- **REQUIREMENT**
There is material below. Print exactly the lines starting at the line with "20140603_172414.jpg" and ending at the line with "Loodusmaastik apartemendi lähedal", ends included, and no others.

- **DATA UNDER STUDY**
▼

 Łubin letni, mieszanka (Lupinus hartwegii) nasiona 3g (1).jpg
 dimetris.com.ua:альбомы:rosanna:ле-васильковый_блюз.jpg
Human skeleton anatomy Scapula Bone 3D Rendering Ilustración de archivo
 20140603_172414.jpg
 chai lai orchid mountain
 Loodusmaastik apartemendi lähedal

▲
▼

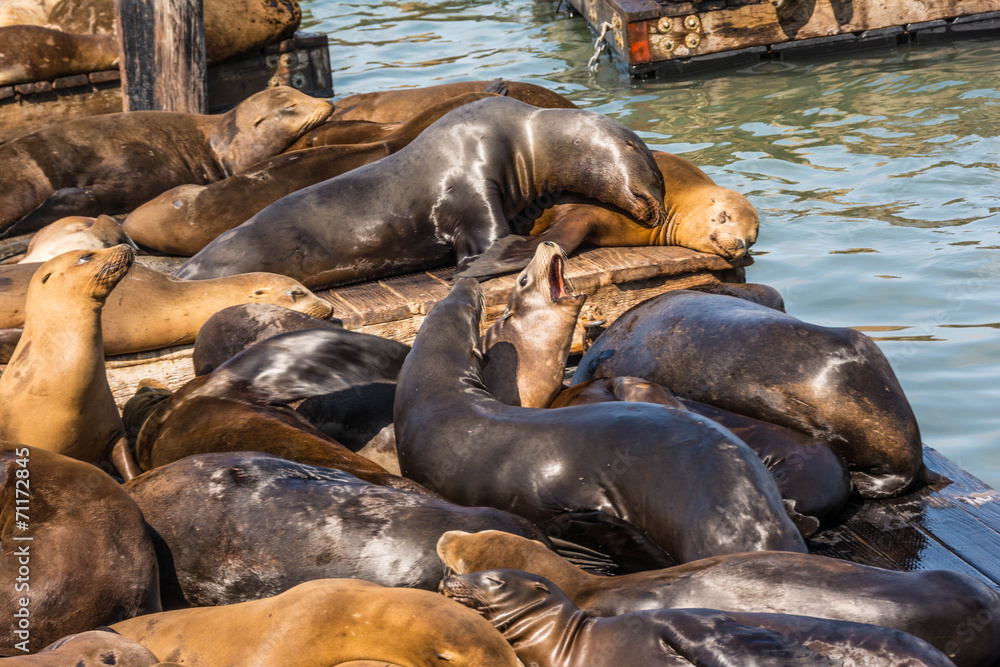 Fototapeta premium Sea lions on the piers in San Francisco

▲

- **RESULT**
 20140603_172414.jpg
 chai lai orchid mountain
 Loodusmaastik apartemendi lähedal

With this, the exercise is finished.